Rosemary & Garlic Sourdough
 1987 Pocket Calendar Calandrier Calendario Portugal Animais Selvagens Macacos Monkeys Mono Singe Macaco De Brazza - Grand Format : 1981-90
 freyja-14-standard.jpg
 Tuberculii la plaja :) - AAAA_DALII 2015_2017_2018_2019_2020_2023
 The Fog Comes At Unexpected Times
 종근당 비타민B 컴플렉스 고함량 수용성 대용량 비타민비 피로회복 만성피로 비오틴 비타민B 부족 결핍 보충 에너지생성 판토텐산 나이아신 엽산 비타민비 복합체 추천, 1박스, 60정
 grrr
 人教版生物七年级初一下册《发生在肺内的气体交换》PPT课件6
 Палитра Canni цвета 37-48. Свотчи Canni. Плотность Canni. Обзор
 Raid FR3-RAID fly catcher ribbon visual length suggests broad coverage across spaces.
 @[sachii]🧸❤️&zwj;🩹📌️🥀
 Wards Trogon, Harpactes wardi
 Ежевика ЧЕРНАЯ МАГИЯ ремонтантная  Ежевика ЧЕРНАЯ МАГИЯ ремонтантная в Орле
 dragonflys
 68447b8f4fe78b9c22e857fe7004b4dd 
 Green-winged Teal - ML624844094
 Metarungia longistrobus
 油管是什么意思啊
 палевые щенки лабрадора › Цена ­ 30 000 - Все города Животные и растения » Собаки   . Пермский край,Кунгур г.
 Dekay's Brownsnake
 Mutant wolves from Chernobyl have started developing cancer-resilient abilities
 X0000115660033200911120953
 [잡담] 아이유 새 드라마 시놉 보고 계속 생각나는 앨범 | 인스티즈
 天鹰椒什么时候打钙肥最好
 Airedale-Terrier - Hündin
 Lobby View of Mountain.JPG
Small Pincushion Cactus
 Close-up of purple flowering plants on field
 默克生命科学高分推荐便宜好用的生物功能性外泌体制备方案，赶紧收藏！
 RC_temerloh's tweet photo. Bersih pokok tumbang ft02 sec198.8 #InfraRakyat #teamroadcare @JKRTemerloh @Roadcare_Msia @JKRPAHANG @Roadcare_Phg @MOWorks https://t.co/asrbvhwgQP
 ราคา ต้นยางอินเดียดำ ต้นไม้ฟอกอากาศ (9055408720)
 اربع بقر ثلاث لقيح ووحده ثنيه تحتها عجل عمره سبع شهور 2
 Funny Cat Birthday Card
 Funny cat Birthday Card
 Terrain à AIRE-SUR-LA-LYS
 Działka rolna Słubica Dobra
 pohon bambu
........
Assignment: The required output is every line above from the one with "[잡담] 아이유 새 드라마 시놉 보고 계속 생각나는 앨범 | 인스티즈" down to the one with "اربع بقر ثلاث", restated word for word, ends included.

Response to this task:
 [잡담] 아이유 새 드라마 시놉 보고 계속 생각나는 앨범 | 인스티즈
 天鹰椒什么时候打钙肥最好
 Airedale-Terrier - Hündin
 Lobby View of Mountain.JPG
Small Pincushion Cactus
 Close-up of purple flowering plants on field
 默克生命科学高分推荐便宜好用的生物功能性外泌体制备方案，赶紧收藏！
 RC_temerloh's tweet photo. Bersih pokok tumbang ft02 sec198.8 #InfraRakyat #teamroadcare @JKRTemerloh @Roadcare_Msia @JKRPAHANG @Roadcare_Phg @MOWorks https://t.co/asrbvhwgQP
 ราคา ต้นยางอินเดียดำ ต้นไม้ฟอกอากาศ (9055408720)
 اربع بقر ثلاث لقيح ووحده ثنيه تحتها عجل عمره سبع شهور 2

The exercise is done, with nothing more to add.